Well, no, because I don't know any good reasons for using Bayesian methods (except when prior probability distributions can be found objectively through some previous experiment etc).
how do you reconcile "I don't know any good reasons for using Bayesian methods" with the fact that Bayesian methods revolutionized spam-filtering? (or maybe you disagree they did?)
Naive Bayes revolutionzed spam filtering because it is incredibly easy to implement and understand, and was reasonably effective for early spam, not because it was the best model for detecting spam. There's a reason we started seeing ads for "v1agra" and snippets of prose -- it's pretty easy to game Naive Bayes.
On the other hand, the GP's assertion that there is seldom a need for using Bayesian methods is also unwarranted; they are the basis for so many machine learning algorithms in common use -- particle filters, for example.
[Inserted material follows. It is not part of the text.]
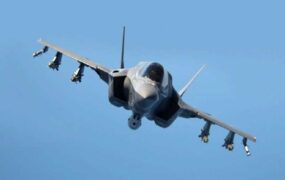 افشای اطلاعات خلبانان F-35 اسرائیل توسط حنظله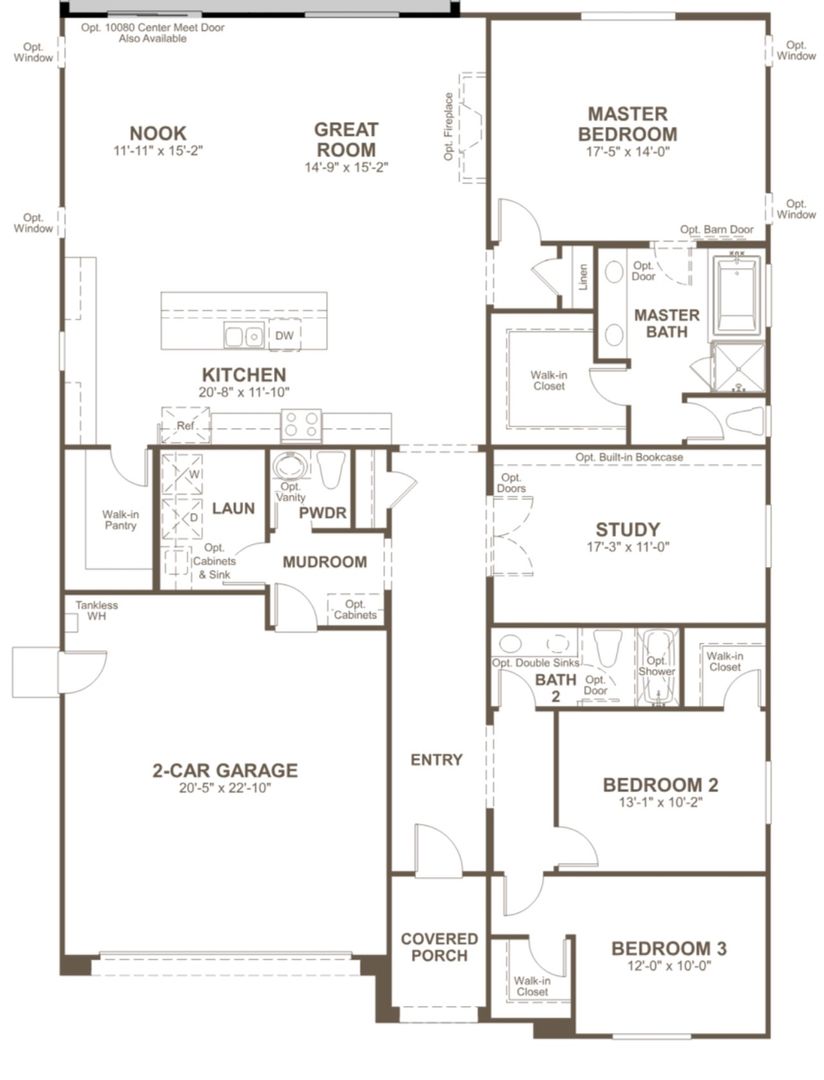24504 Sabaton Cir - Menifee - California - 4 bed, 2.5 bath rental property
That's a good question and I was asking myself that I after I wrote that comment. I think my objection is more to the 'Bayesian' and less to the 'methods', if that makes sense. That is, I think constructing and updating models using Bayes' theorem can be (as people doing spam-filtering have shown) a good way of making predictions, but that it is the frequentist properties of the models that actually matter (cf. the ubiquity of cross-validation: 'the proof of the pudding is in the eating'), not the fact that they let you maintain a probability distribution over parameters.